Aided by expertise learnt in the US, those in charge of the Cairo and Alexandria Stock Exchange have constructed a highly efficient operation, says Silvia Pavoni .

Cairo’s streets can be quite an experience. Dusty and noisy, the roads are ruled by a stampede of cars, each with its own highway code. In the midst of disorderly overtaking it is a miracle that the lives of adventurous locals crossing at random points in the road are spared. To the foreign eye this a vision of chaos.

The road to Cairo’s stock exchange, in the centre of town, is no exception. In this case, however, the chaos surrounding the building hides a clear vision and logical strategy.

The Cairo and Alexandria Stock Exchange (CASE) has shown great progress in recent years. It currently has 500 listed companies with a total market capitalisation of E£650bn ($116bn), about 90% of gross domestic product (GDP), and daily trades volume of more than E£1bn. Only five years ago, the market was valued at E£270bn with daily trade volume of just E£50m.

Economic underpinnings

The CASE’s development and growth momentum in the past few years have been supported by Egypt’s economic growth and changes in the financial sector since the late 1990s. “We have experienced a big change,” says Maged Shawky Sourial, chairman of the CASE. “I recall what we were trying to do in 1997: the reforms, the regulation, [the work on] the markets, [the new] technology. We thought we were doing very well when we had E£60m trading in one day; we even told the press.”

Before joining the CASE in 2004 and becoming chairman in 2005, Mr Shawky Sourial had been senior assistant to the minister of economy for financial markets issues since 1997. Mr Shawky Sourial is part of a group of senior professionals who gained international experience in big international banks or organisations who now hold key roles in Egypt’s economic and financial infrastructure. It is in this spirit of internationalisation that part of the central bank’s staff spends a three-month secondment period at the US Federal Reserve.

An important development in the CASE’s growth was the introduction of new listing rules in 2002. These required increased disclosure and higher corporate governance standards, and had an immediate effect on the quality and number of listed companies. Mr Shawky Sourial says that of the 1200 companies listed on the CASE in 2002, more than 50% de-listed following the introduction of the new rules. Only 100 new initial public offerings (IPOs) came to market, but the drop in volume was more than compensated for by the combined market value of the CASE’s new composition. New listings and capital raisings totalled E£7bn, compared with the 600 or so de-listed companies that had had a market value of E£4bn.

Before the introduction of the new rules, being a quoted company used to offer a tax shield and many companies only listed to benefit from this provision.
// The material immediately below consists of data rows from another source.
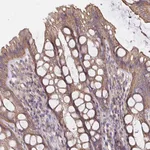 Atlas Antibodies Anti-ARHGEF39 Antibody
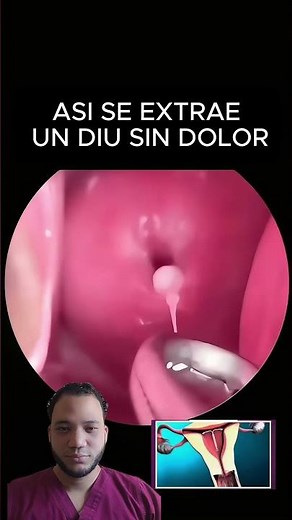 ¿Cómo se saca un DIU sin dolor?
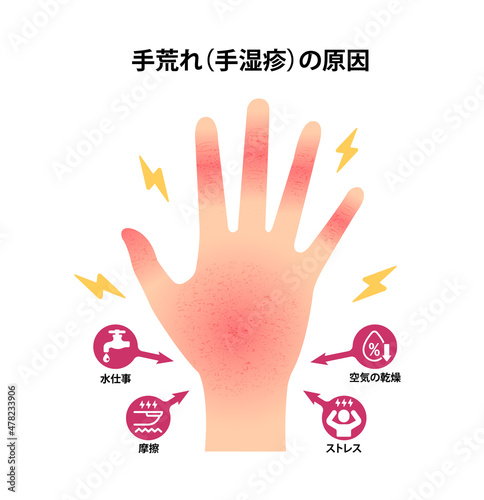 手荒れ (手湿疹) の原因 ベクターイラスト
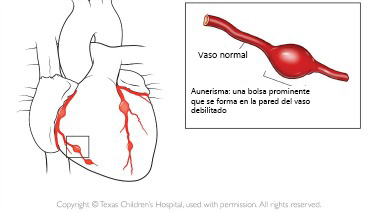 https://lilbundlebox.store/SiteCollectionImagesArticleImages/aneurysm_texaschildrens_es.jpg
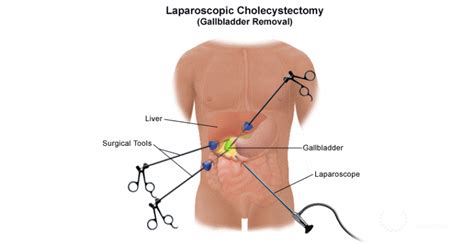 Laparoscopy Cholecystectomy Indications Diagnosis Benefits
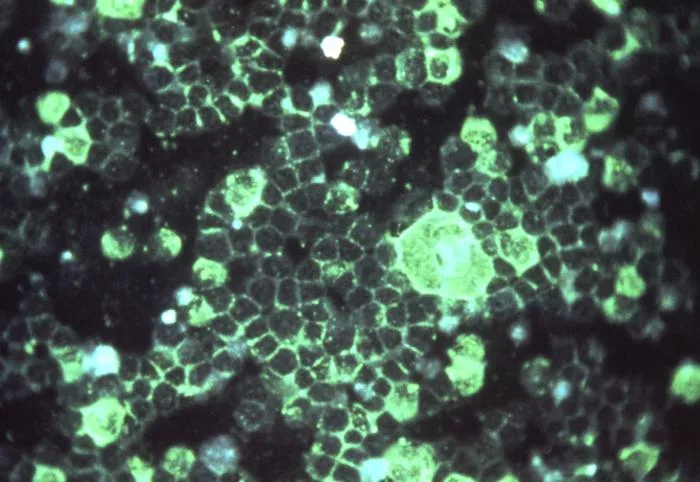 Micrografia del virus respiratorio sinciziale VRS al microscopio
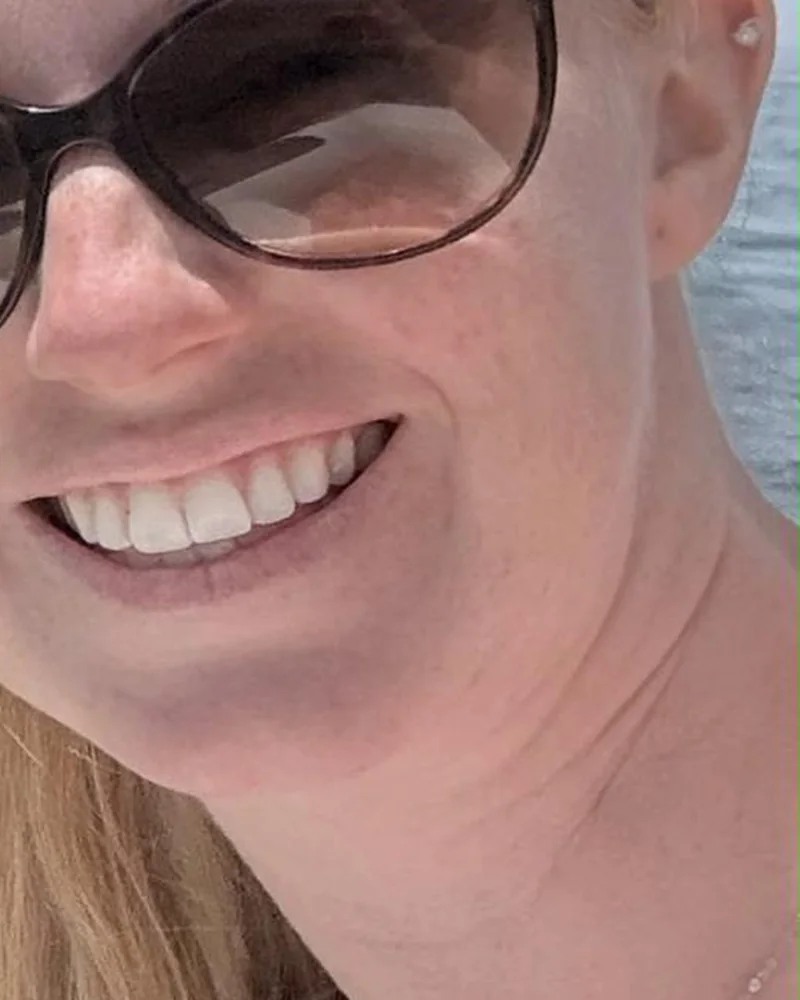 The same customer smiling, after using the tallow face and body balm
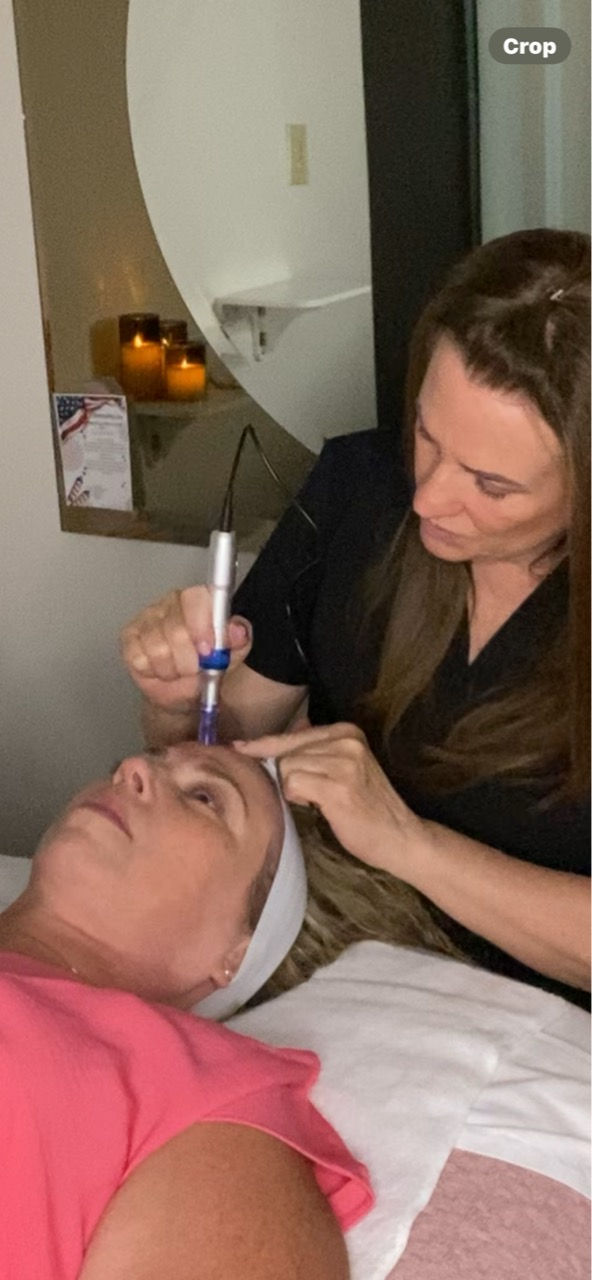 Microneedling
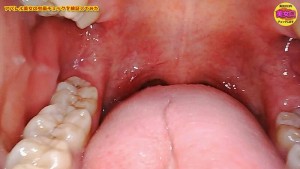 お口の中をじっくり見せてくれませんか？～アパレル店員はるのさん～ 安堂はるの ギャラリー 4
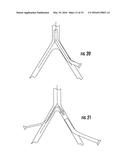 TISSUE ACCESS SITE SYSTEM AND METHOD diagram and image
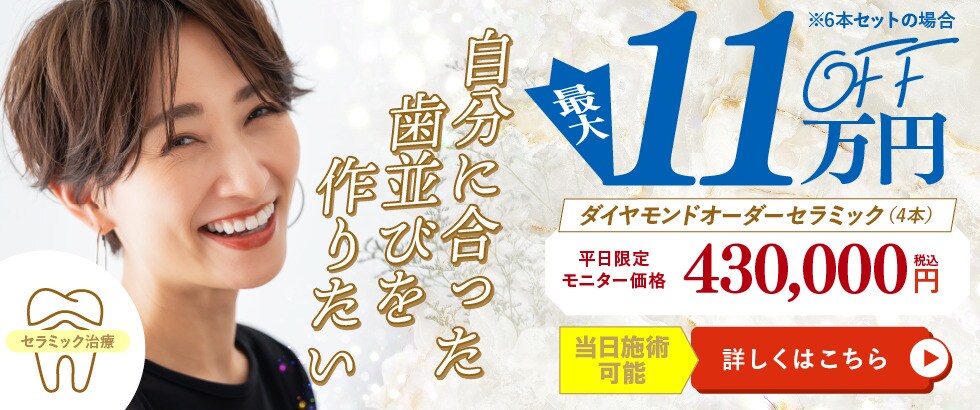 11万円OFF ダイヤモンドオーダーセラミック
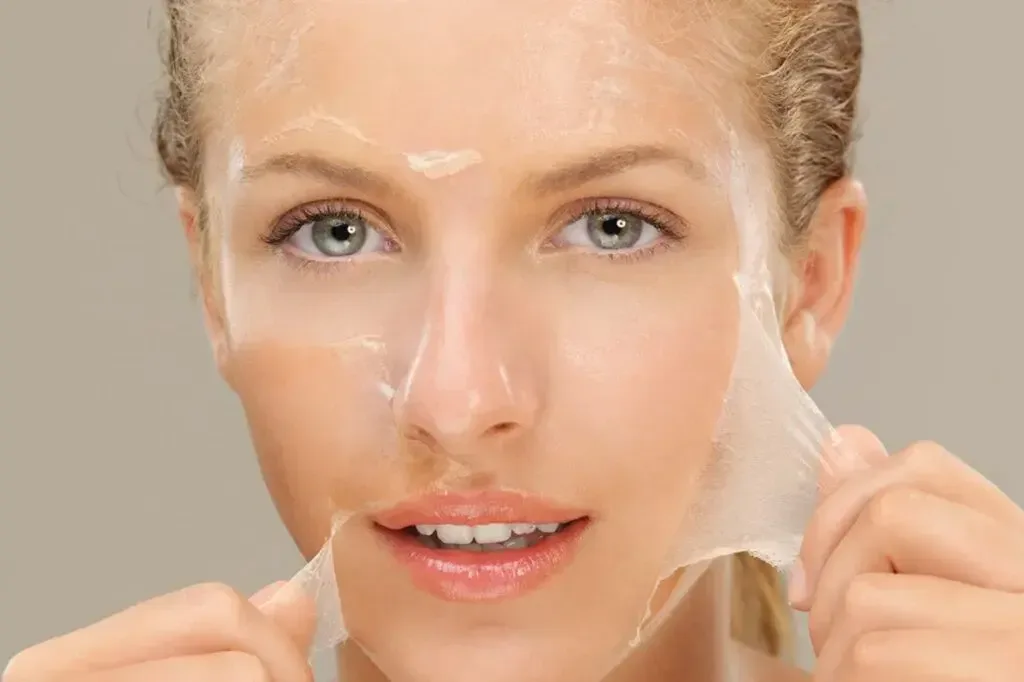 Acne Peel Eksfoliasi Kulit Berjerawat, Ketahui Manfaat dan Downtime-nya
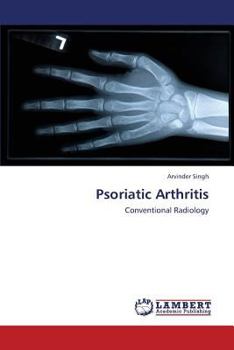 Paperback Psoriatic Arthritis Book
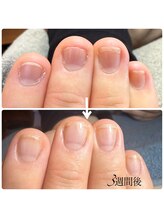 ミリアネイル 成城(Miliea nail)/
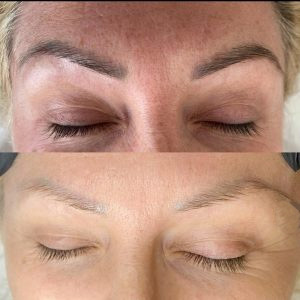 Laser Removal of Permanent Makeup  TANIA BHANGOO PERMANENT MAKEUP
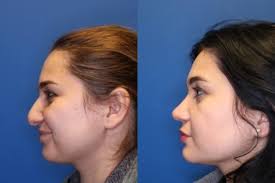 It is not a good idea to shop a nose job on price alone, as this puts you at risk for an unfavorable outcome. Nose Surgery Before After Photos Patient 260 San Francisco Ca Kaiser Permanente Cosmetic Services
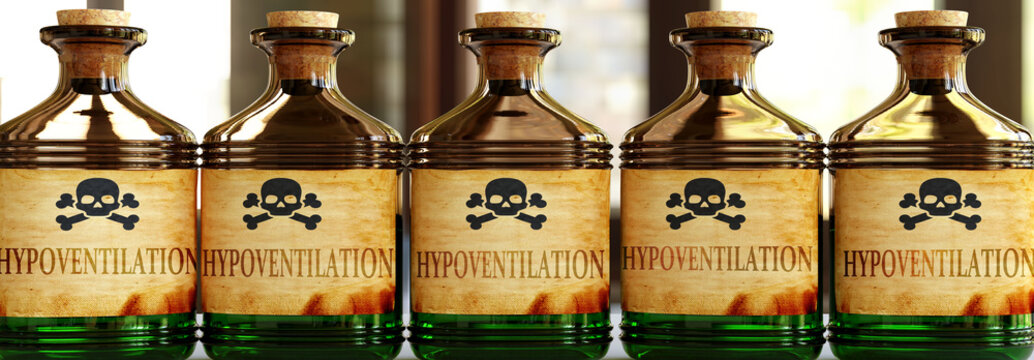 Hypoventilation can be like a deadly poison - pictured as word Hypoventilation on toxic bottles to symbolize that Hypoventilation can be unhealthy for body and mind, 3d illustration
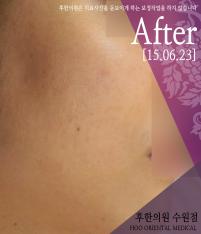 치료 후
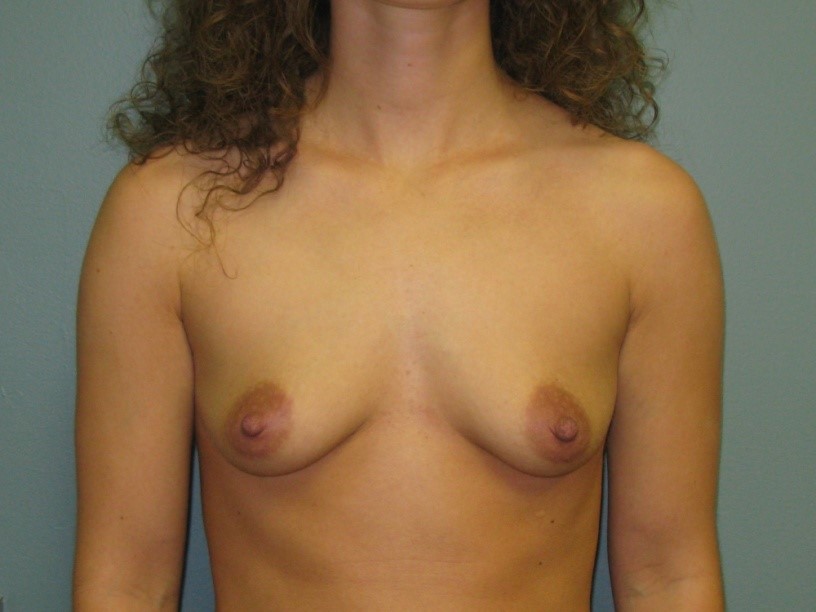 Before treatment: Mommy Makeover Menomonee Falls
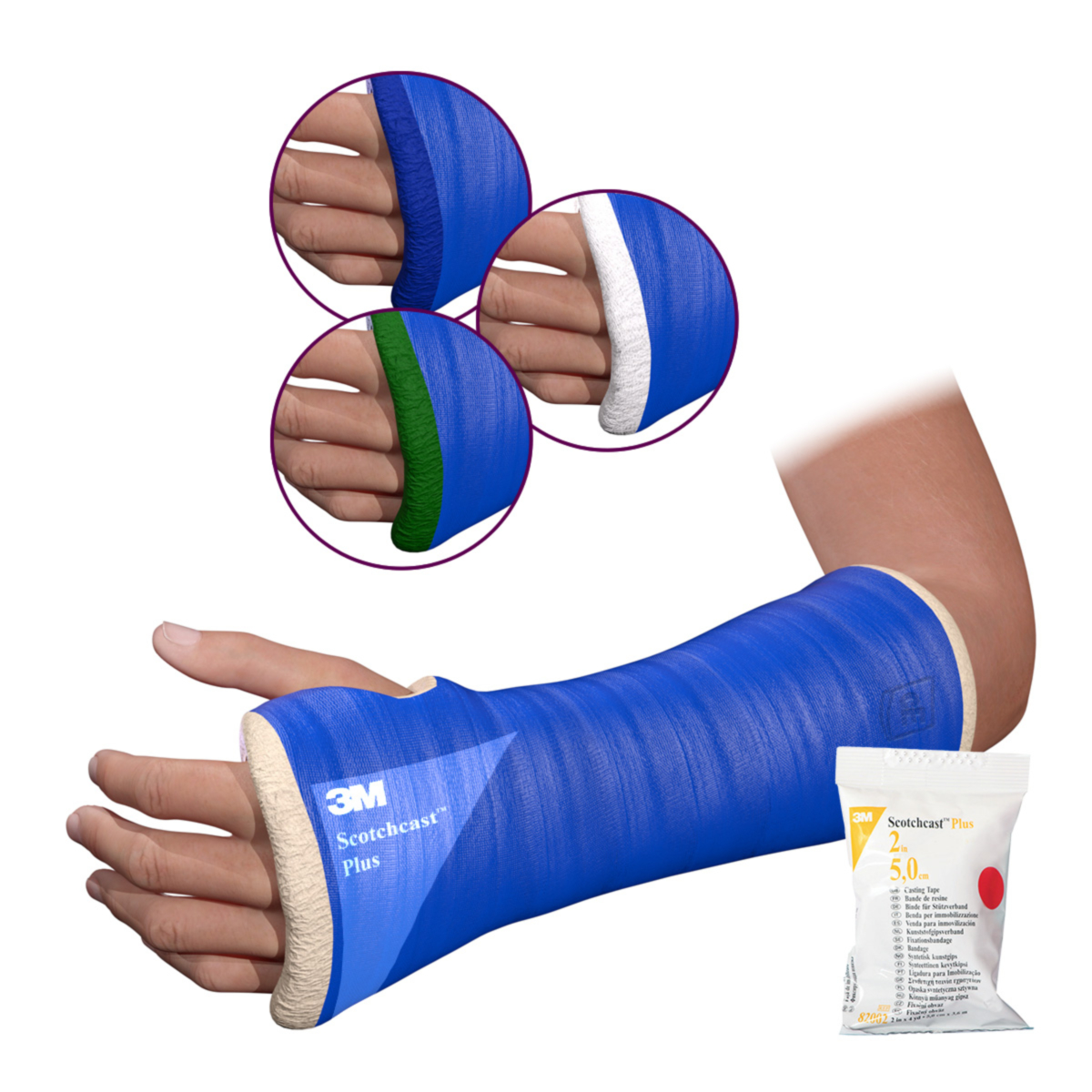 Scotchcast Plus Set Unterarm Frottee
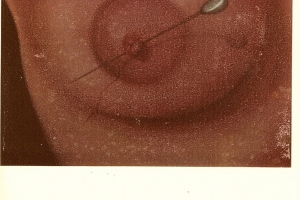 1)Catalogo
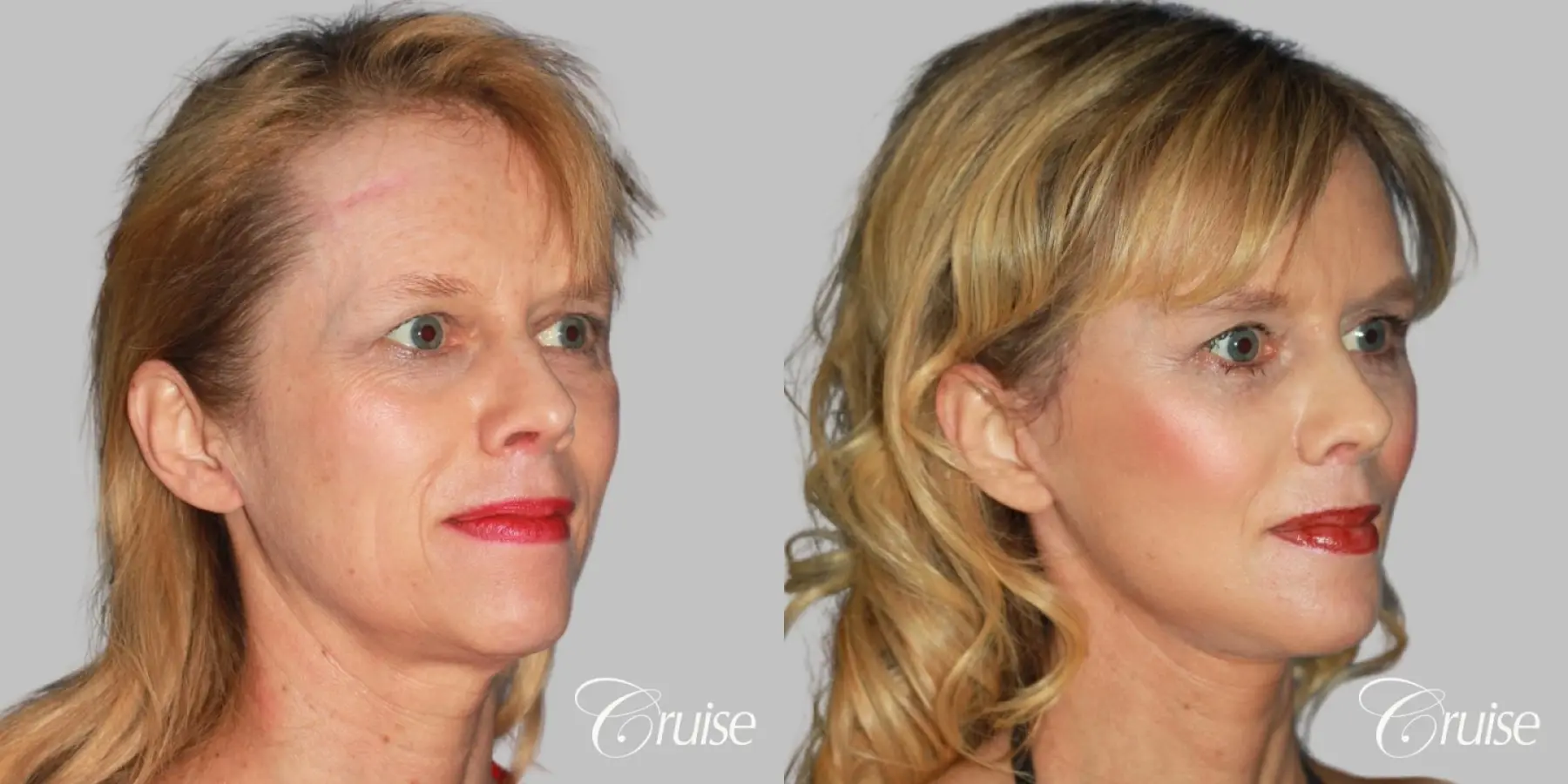 facial rejuvenation newport beach ca - Before and After 3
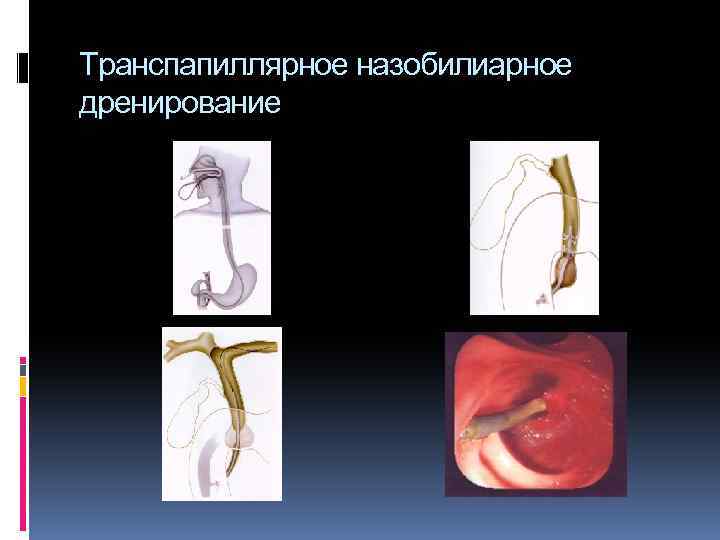 Транспапиллярное назобилиарное дренирование 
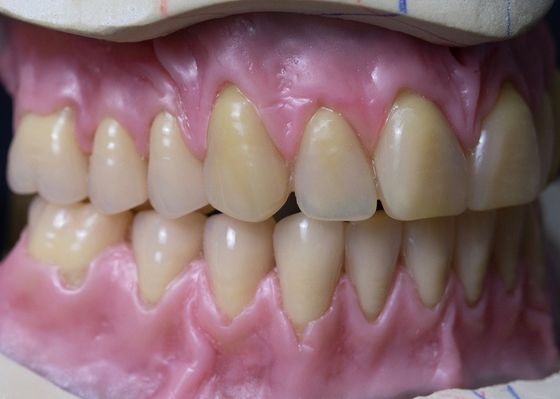 Dentadura completa acrílica removível curada quente do arco completo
The market’s new strength came in handy last year, when the Egyptian stock market proved resilient despite troubles in most Middle Eastern markets: while the CASE’s neighbours saw the value of their stocks plummet, the CASE 30 index ended last year 10% up.

“We performed well in 2006 despite three severe price corrections,” says Mr Shawky Sourial. “We had the resilience to perform well. Other markets in the region are very shallow, with mostly individual investors and a non-institutional base. On the CASE we have 30% institutional trades [while] I think that the other markets’ institutional trades never exceed 10%.”

Although higher than its regional neighbours, 30% institutional trades is far from ideal and Egypt will need to encourage the strong development of institutional investors before the level of institutional trades reaches developed markets’ standards.

Immature elders

Egyptian retail investors, especially from the older generations, seem to jump into the market without studying companies’ fundamentals, instead basing judgement on rumour and speculations. At an institutional level, however, the country is more conservative about allowing pension funds to invest heavily in the stock market. “We have about 600 local pension funds,” says Mr Shawky Sourial, “[but] very few of them invest in the market. They mostly invest in time deposits or government bonds. They are very conservative.”

The pension funds of banks tend to be more aggressive than those of other sectors, explains Mr Shawky Sourial. However, their participation is still tiny compared with the activity of international institutional players.

The exuberance of retail investors has been cited as a major factor in the troubles of the region’s stock markets over the past two years, as demonstrated by the reaction to rumours of a recent takeover bid. In anticipation of a bid for National Bank for Development, as part of the government’s privatisation plan, retail investors kept on buying the bank’s shares at very high premiums. However, when a consortium did approach NBD earlier this year, the offer price was one-third below the bank’s trading price of that day.

Education programmes for retail investors are organised by the CASE but the highest hopes of rationalising investor behaviour come from the development of the institutional investor base as this will increase the demand for and availability of quality research on stocks.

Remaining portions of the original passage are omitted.